Before this book, I thought that all Angel Investors and Entrepreneurs did was negotiate. And of course, ABC’s Shark Tank supports that notion. I did believe that every time that an Angel or Venture Capitalist reviewed a deal it would be a negotiation. This section like the others we find out there is more to it than what our predetermined thoughts may be. To think that that to negotiate hard before an angel would invest may hurt more than it would be worst is a little counter intuitive. An Angel certainly needs to keep their eye on what the best fit would be as well as their predetermined strategy.
Amis and Stevenson state early in the section that “winning investors simply do not negotiate.” Either the deal fits their overall strategy, or it does not, either they have chemistry with the entrepreneur, or they do not. Some just see it as a waste of their time and would rather not disrupt the health of the Start-up or rattle the entrepreneur from the start. “Many of the same angels who do not want to focus on structure will also not want to spend time on negotiating, even to reduce the price.” Many feel that starting off the relationship with the entrepreneur in the right direction is worth more than making them regret any value that got negotiated from them. The bigger picture may be the overall health of the start-up versus having a disgruntled entrepreneur or a leveraged investment that is not as attractive to second round investors.
I think one of the most important things for an Angelis for them to take a hard and honest look at what they are ultimately trying to achieve. Strategizing and outlining their needs and interest in a One-Pager will help to keep them on track as well as give entrepreneurs up front information to assessing if the relationship would be a great match or not. I think this sets a lot of ground expectations between both parties. This can also help the Angel stay on the path of what their overall strategy and not allow emotions like ego or greed to drive the opportunity.
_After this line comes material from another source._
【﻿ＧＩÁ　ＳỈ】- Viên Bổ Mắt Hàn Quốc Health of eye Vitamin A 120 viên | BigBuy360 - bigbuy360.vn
I got a lot out of figure 41.1 in the book that highlights that clear positions and stances from both the entrepreneur as well as the angel allows for clarity with any issues that would need to be resolved to reach a deal. Organization and clarity are most important for both parties involved.
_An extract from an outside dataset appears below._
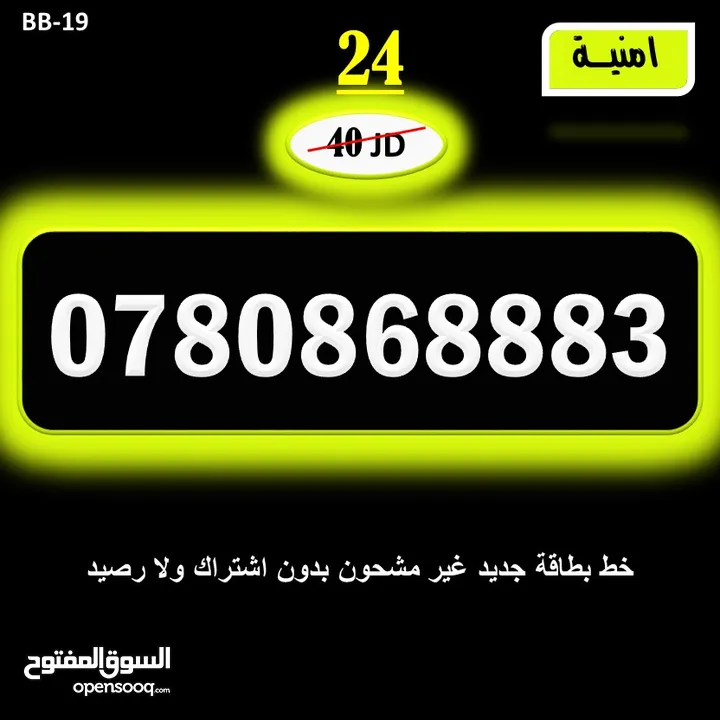 ارقا امنية جديد للبيع 2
Amis and Stevenson point out that “angels who negotiate are more likely to have an active role in their investment.” I think that is an important point as the drive to negotiate came from the need to have some control. The negotiating action may come from an internal need or can be strategic and well thought out. Whatever the reason, it is important to have an end in mind or you may just negotiate for something that may not be important for you.
Amis, D., & Stevenson, H. H. (2001). Winning angels: the seven fundamentals of early-stage investing. London: Financial Times Prentice Hall.